Filtered for seeing through non-human eyes

17.05, Friday 13 Aug 2021

1.

Rannoch Wolves (2018):

This summer, the Kairos Collective, a physical theatre troupe associated with the Dark Mountain Project, spent three days as a pack of wolves on the moor. We followed its deer paths, swam in its rivers, and dodged lightning storms and swarms of midges; and we created ‘found performances’ for the passengers on the trains that cross the moor.

There’s a video.

Bonkers and beautiful - actors in fur suits hanging out in the cold and walking around on all fours. AND YET - if there is a challenge of our time, it is precisely about how to get people to see through the eyes of other people, animals, forests, the atmosphere. How to have common feeling without being identical; to find fellowship and difference both at once.

I hope that there is more of this happening in the world today.

RELATED:

I’ve long been a fan of artist Natalie Jeremijenko’s robotic geese where, via some technologically-aided metempsychosis, your awareness transmigrates into an artificial goose and may participate in the gaggle.

2.

Samual Arbesman’s concept of mesofacts:

These slow-changing facts are what I term “mesofacts.” Mesofacts are the facts that change neither too quickly nor too slowly, that lie in this difficult-to-comprehend middle, or meso-, scale. Often, we learn these in school when young and hold onto them, even after they change. For example, if, as a baby boomer, you learned high school chemistry in 1970, and then, as we all are apt to do, did not take care to brush up on your chemistry periodically, you would not realize that there are 12 new elements in the Periodic Table. Over a tenth of the elements have been discovered since you graduated high school!

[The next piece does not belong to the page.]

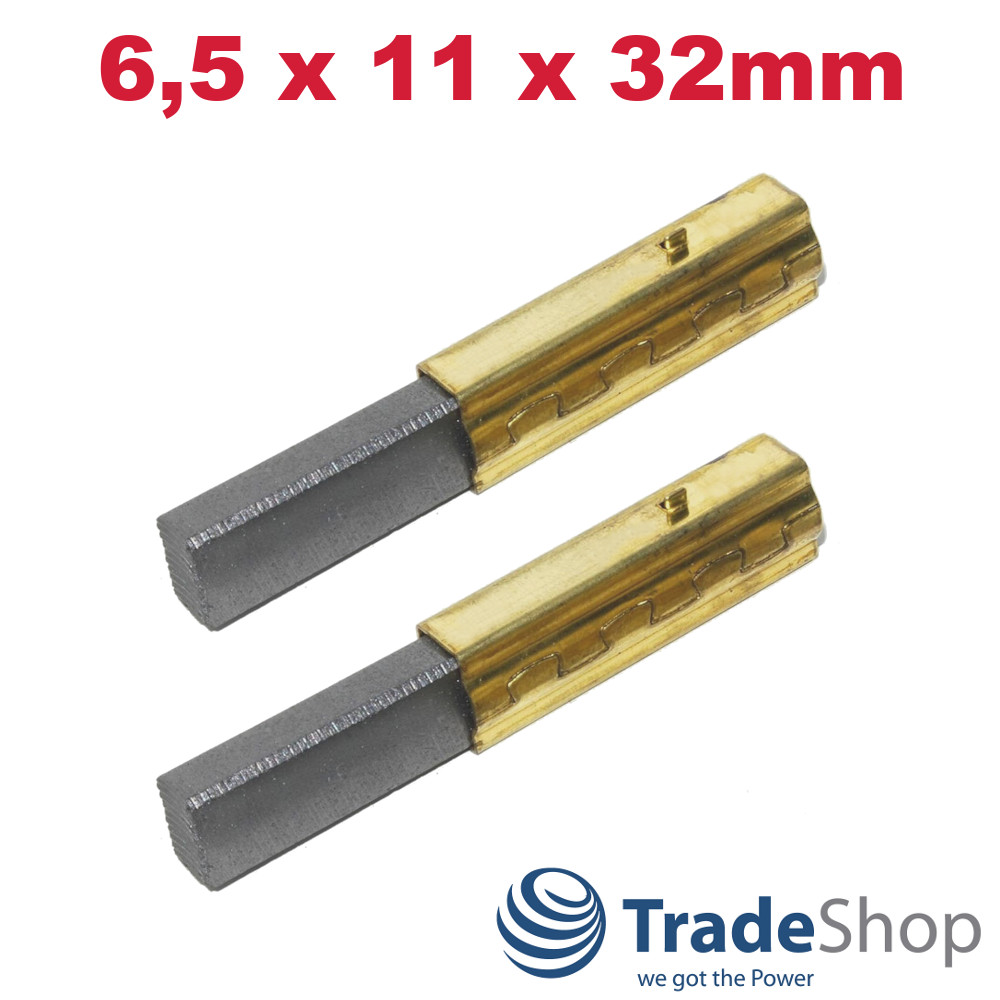 2x Motorkohlen Kohlebürsten 6,5x11x32mm für Numatic CT370, GVE370 ersetzt 230260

Mesofacts about the cosmos are one thing, mesofacts on a more human scale are another. Like, medical science: in my lifetime, stomach ulcers have gone from something caused by stress to something entirely caused by a bacteria. So they can be fixed.

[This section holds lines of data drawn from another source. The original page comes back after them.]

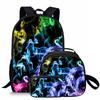 Trendig Beliebt Neuheit Rauch 3D-Druck 3 Stück/Set Schüler Schultaschen Laptop Tagesrucksack Rucksack Umhängetasche Lunchtasche Federmäppchen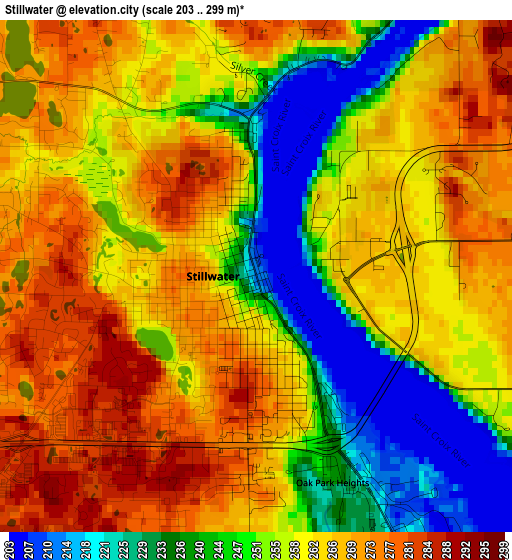 Stillwater elevation map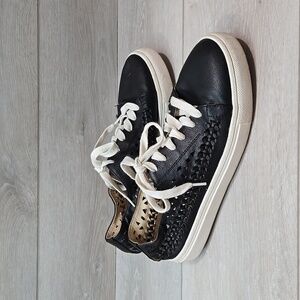 Sam Edelman Womens Raina Lace up Leather Sneakers shoes sz 9M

Or think about technology overhangs: AI text generation was there for the taking but, until last year, computer scientists hadn’t quite twigged how fast chips are now.

3.

Readers of a certain age will remember the sound of dial-up modems. The bleeping, ping pong, ping pong, then data static success! is ingrained into my memory as the opening theme tune to the internet.

Here is a graphical explanation of modem handshaking, complete with embedded audio so you can remind yourself what it sounded like.

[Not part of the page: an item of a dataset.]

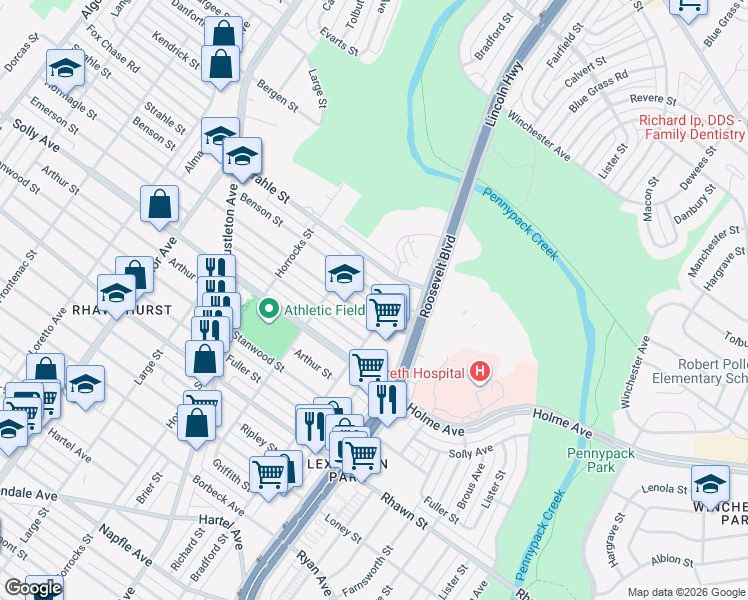 map of restaurants, bars, coffee shops, grocery stores, and more near 2338 Benson Street in Philadelphia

(My favourite stage is echo suppression: between the negotiation of speeds and frequencies between the modems, there are a series of noises that are heard by the phone network itself - which is kind of listening in - asking it to turn off echo suppression features. Query: could I play the echo suppression request down the line in a regular voice call, and what would it sound like afterwards? And are there any other functional prayers I can make to the network?)

And doesn’t modem handshaking map onto human conversation too? Establish the communication protocols, run calibration to correct for errors on the line, exchange data at maximum bandwidth. Ping pong, ping pong.

ALSO:

Dial-up modem noises slowed down 700% (YouTube).

Beautifully sinister. I have paid more money for worse gigs.

4.

By the studio automato.farm, this video:

Objective Reality - Object Stories Edition (3 mins, 2018, Vimeo).

A first person point of view from the perspective of: a Roomba; a wall fan; electricity, as a virtual reality experience. (The robot vacuum cleaner’s inner monologue is voiced by author/futurist Bruce Sterling, who re-shared it recently.)

A tool to enter the umwelt of smart things!

I wonder what would happen if you spent three days cosplaying a Roomba, or a thermostat, or a hedge fund’s high-frequency trading algorithm, or the Facebook newsfeed ranking system.

Like, you sit there with data and you get fed when a simulated Facebook user clicks on a simulated ad, and yelled out when they don’t, and you’re surrounded by stacks of data but you can always ask for more.

What would happen to you? What would you bring down from the mountain; what empathy would be created; what perspective would you be able to bring to the world that you didn’t have before?